What’s more, the job interviewer will want to get a sense about whether they will enjoy working with an applicant, if the applicant is truly excited about the job opening, and if they have the skills and experience to do the job.
Negotiating salary comes with an array of considerations, according to Indeed.com. That includes research on going rates and geography to account for cost of living.
But experts at the site advise applicants to aim for the top of the range and be confident in the ask. Feel free to rehearse it ahead of time with a friend, they note. It shows you put a high value on your own services, and takes into account the tight labor market. (Unemployment is currently hovering at 3.6%.)
“A worker may prefer their current job because they like their boss and co-workers, have good and/or better promotional prospects and also believe they have better job security. ”
Of course, there’s plenty of reasons why a person would want to stay where they are — like having a good boss, room for growth, good co-workers and, in some cases, job security.
But you can still undertake that pay raise negotiation, said Andres Lares, managing partner at the Shapiro Negotiations Institute, a consulting firm that trains on sales and negotiation skill.
Come prepared with the thought-over, practiced pitch, Lares said. That means highlighting the accomplishments already carried out, but it’s also about communicating the ways you can continue to bring added value to the company.
While Lares noted that salary is always up for negotiation, he said people should be open to other options to improve the total package.

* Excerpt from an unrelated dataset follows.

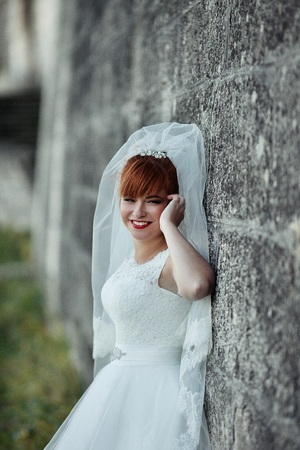 The charming bride stands near wallの写真素材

Maybe the money ask might be harder than hoped, but other parts of a job can be negotiated too, including title, benefits, time off and various fringe benefits like expensed commuting and mobile-phone costs.
Kochhar, Parker and Igielnik suggested people are keen to improve their circumstances, as the cost of living continues to rise. “Perhaps not coincidentally, Americans cited low pay as one of the top reasons why they quit their job last year in a Pew Research Center survey conducted in February 2022,” they added.